→ **Task objective**
Quote exactly the lines from the one with "Wohnung in Luxemburg, Luxemburg, 76" to the end of the data, both included; omit the pictures.
Records shown START
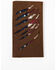 Cody James Men's Americana Leather Checkbook Wallet, Brown, hi-res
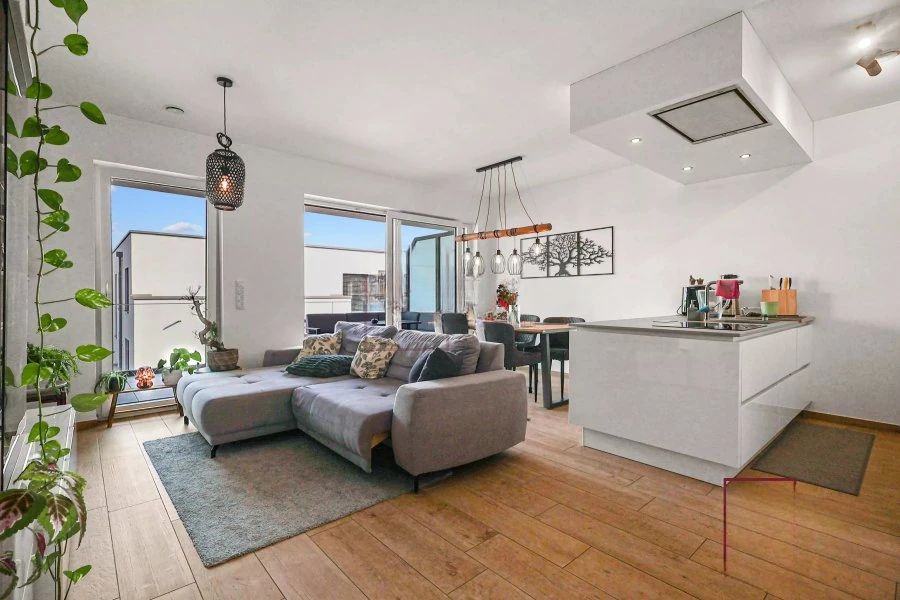 Wohnung in Luxemburg, Luxemburg, 76 m² - Foto 1
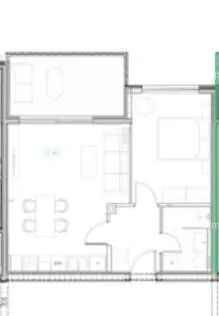 Wohnung 54,66 m², Umag - 1. Stock, Loggia und Parkplatz - 7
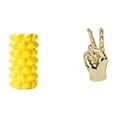 thumbnail image 1 of Jarrón de flores de , adorno de mesa, estatua geométrica de resina, escultura, figuras de gestos de mano, arte abstracto moderno, adecuado pa, 1 of 8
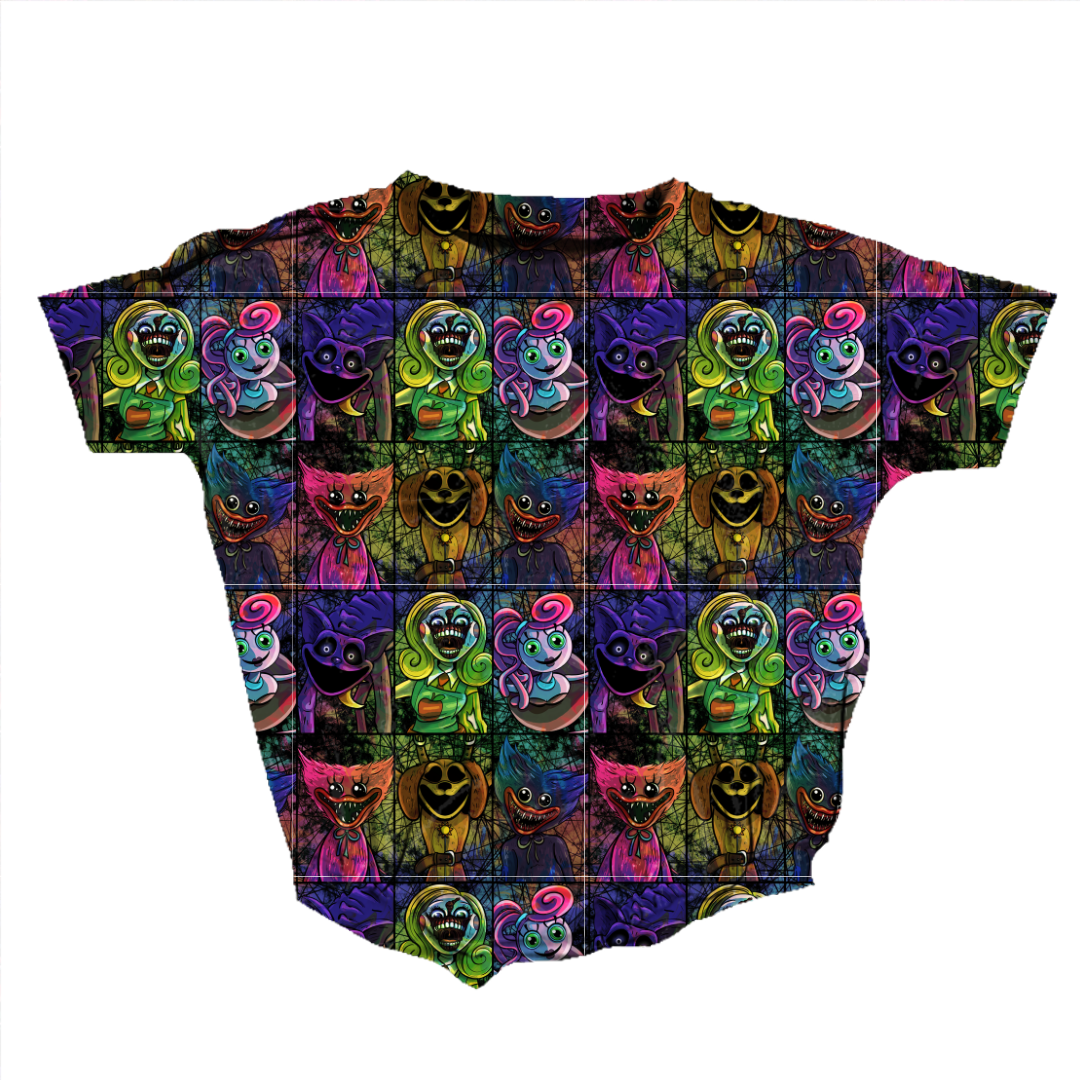 Panic Playroom Opal Short Sleeve Bubble Bamboo - PRE ORDER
Records shown END
→ **Response area**
 Wohnung in Luxemburg, Luxemburg, 76 m² - Foto 1
 Wohnung 54,66 m², Umag - 1. Stock, Loggia und Parkplatz - 7
 thumbnail image 1 of Jarrón de flores de , adorno de mesa, estatua geométrica de resina, escultura, figuras de gestos de mano, arte abstracto moderno, adecuado pa, 1 of 8
 Panic Playroom Opal Short Sleeve Bubble Bamboo - PRE ORDER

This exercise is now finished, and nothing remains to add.